= Rice Owls football statistical leaders =

The Rice Owls football statistical leaders are individual statistical leaders of the Rice Owls football program in various categories, including passing, rushing, total offense, and receiving, defensive stats, and kicking. Within those areas, the lists identify single-game, single-season, and career leaders. The Owls represent Rice University in the NCAA Division I FBS American Conference.

Although Rice began competing in intercollegiate football in 1912, the school's official record book considers the "modern era" to have begun in 1951. Records from before this year are often incomplete and inconsistent, and they are generally not included in these lists.

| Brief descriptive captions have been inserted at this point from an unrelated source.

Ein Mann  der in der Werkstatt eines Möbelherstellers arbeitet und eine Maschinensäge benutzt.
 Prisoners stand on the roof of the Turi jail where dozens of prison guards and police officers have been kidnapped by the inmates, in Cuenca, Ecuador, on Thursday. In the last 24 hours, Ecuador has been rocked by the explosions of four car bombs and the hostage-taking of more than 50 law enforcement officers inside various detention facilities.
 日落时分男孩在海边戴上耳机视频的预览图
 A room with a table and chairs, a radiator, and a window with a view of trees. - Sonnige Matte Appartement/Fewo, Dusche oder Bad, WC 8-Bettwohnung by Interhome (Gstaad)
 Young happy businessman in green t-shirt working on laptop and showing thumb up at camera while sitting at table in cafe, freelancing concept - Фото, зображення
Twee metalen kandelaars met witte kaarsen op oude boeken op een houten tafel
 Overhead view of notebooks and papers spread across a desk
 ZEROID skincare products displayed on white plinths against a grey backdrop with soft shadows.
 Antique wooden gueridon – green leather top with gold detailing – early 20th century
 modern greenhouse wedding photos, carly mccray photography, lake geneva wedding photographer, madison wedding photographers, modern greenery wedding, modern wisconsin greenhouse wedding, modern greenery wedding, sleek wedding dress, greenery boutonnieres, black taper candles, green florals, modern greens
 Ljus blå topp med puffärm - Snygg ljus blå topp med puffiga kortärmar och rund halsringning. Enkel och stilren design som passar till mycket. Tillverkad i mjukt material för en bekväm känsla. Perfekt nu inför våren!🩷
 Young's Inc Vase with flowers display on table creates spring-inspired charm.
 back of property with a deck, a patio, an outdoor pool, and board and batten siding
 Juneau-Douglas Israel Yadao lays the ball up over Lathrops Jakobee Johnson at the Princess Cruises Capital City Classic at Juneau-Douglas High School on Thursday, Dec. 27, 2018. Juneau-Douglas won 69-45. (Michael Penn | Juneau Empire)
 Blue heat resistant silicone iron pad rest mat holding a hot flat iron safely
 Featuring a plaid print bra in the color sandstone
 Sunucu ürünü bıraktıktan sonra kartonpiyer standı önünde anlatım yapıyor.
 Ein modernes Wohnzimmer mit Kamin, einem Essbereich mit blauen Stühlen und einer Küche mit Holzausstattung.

These lists are dominated by more recent players for several reasons:
- Since 1951, seasons have increased from 10 games to 11 and then 12 games in length.
- The NCAA didn't allow freshmen to play varsity football until 1972 (with the exception of the World War II years), allowing players to have four-year careers.
- Bowl games only began counting toward single-season and career statistics in 2002. The Owls have played in 5 bowl games since this decision, allowing players to accumulate additional statistics in the extra game.
- All of Rice's top 10 seasons by offensive yards and scoring have come since the 2001 season.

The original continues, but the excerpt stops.